## DATASET CONTENT
----------------------------------------
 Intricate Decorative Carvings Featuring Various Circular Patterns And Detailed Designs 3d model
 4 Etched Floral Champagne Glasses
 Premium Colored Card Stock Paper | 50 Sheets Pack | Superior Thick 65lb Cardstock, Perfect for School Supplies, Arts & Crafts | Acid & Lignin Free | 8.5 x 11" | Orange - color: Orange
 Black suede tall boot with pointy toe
----------------------------------------
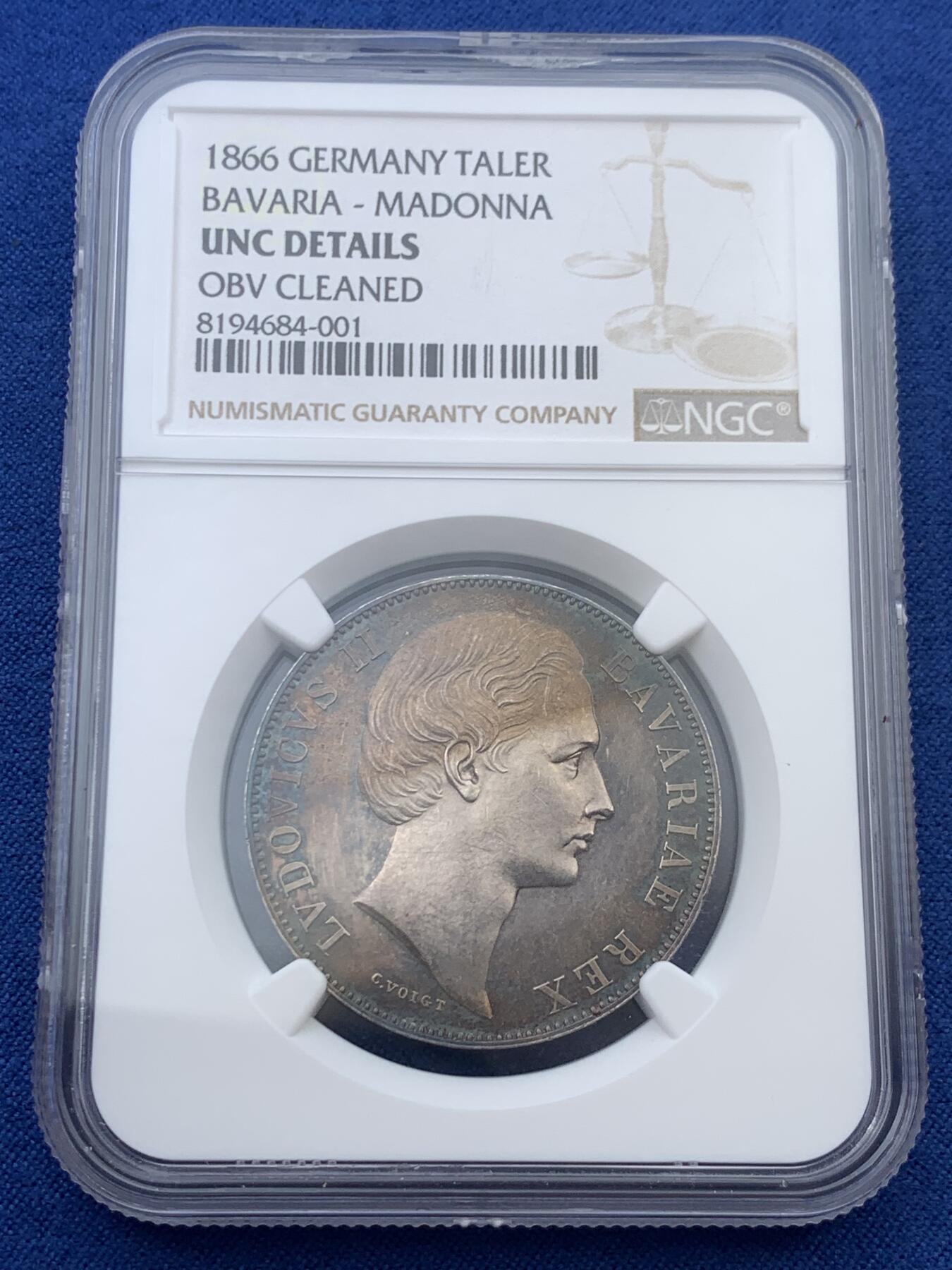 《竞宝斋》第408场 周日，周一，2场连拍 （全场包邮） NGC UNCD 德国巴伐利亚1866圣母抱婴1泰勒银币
----------------------------------------
## WHAT TO WORK ON
Above are the records; from them, give again exactly the lines from the one containing "Premium Colored Card" through the one containing "Black suede tall boot with pointy toe", both included.

## EXERCISE RESPONSE
 Premium Colored Card Stock Paper | 50 Sheets Pack | Superior Thick 65lb Cardstock, Perfect for School Supplies, Arts & Crafts | Acid & Lignin Free | 8.5 x 11" | Orange - color: Orange
 Black suede tall boot with pointy toe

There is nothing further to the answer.